TASK TO CARRY OUT
Retype, word for word, every line of the records below starting at the one that contains "Fototapeta premium Underwater" and ending at the one that contains "Sicilian aubergine, tomato"; include both of those lines and nothing more.

"""

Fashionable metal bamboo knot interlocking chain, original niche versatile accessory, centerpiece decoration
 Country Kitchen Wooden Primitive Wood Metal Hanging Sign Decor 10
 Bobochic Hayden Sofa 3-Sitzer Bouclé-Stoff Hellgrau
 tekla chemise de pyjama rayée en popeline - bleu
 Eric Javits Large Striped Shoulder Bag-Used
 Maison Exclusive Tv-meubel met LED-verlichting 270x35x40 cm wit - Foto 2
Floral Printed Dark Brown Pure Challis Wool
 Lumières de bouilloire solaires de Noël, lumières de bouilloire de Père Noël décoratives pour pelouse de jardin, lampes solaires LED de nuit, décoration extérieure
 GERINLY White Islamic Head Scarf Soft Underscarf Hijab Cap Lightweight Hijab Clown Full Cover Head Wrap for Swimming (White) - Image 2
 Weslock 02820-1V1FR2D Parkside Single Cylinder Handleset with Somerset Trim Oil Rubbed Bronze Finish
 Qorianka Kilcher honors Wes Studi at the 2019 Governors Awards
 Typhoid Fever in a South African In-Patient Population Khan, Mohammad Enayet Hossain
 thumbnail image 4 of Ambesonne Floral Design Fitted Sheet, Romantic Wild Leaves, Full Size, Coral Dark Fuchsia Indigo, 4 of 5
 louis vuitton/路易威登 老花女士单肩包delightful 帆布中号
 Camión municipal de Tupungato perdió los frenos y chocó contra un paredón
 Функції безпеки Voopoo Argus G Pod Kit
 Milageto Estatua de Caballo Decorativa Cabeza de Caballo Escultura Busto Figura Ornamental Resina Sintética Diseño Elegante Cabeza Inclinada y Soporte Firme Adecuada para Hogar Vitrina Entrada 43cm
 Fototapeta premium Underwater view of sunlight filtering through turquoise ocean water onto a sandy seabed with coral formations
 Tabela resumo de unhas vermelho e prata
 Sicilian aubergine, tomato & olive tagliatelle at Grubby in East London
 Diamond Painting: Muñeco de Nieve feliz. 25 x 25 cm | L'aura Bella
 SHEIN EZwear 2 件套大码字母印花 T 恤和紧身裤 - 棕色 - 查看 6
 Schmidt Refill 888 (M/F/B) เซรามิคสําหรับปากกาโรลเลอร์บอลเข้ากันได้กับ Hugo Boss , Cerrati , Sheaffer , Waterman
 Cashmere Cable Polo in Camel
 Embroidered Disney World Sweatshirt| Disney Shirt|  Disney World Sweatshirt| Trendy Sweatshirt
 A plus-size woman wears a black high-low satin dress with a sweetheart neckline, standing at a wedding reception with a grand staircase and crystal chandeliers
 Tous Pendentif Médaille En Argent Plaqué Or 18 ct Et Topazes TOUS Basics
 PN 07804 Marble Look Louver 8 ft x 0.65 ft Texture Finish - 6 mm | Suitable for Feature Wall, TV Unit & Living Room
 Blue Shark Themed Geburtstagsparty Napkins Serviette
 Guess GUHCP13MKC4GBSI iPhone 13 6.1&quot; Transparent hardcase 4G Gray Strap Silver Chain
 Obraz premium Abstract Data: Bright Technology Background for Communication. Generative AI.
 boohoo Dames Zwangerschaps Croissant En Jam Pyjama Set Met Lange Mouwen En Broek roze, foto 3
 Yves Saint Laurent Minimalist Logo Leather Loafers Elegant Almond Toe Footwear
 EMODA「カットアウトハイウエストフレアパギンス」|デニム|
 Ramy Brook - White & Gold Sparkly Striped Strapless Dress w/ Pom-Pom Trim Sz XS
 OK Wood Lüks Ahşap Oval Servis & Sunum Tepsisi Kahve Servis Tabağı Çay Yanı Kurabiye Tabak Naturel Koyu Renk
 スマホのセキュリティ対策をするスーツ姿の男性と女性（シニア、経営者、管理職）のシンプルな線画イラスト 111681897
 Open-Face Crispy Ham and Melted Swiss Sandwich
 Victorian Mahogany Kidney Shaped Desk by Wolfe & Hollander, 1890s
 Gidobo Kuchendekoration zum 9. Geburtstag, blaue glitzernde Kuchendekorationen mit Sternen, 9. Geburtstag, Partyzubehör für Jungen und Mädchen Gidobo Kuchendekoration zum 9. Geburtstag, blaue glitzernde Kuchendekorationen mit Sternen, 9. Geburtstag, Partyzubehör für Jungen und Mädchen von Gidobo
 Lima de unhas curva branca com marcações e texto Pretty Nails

"""

RESULT
 Fototapeta premium Underwater view of sunlight filtering through turquoise ocean water onto a sandy seabed with coral formations
 Tabela resumo de unhas vermelho e prata
 Sicilian aubergine, tomato & olive tagliatelle at Grubby in East London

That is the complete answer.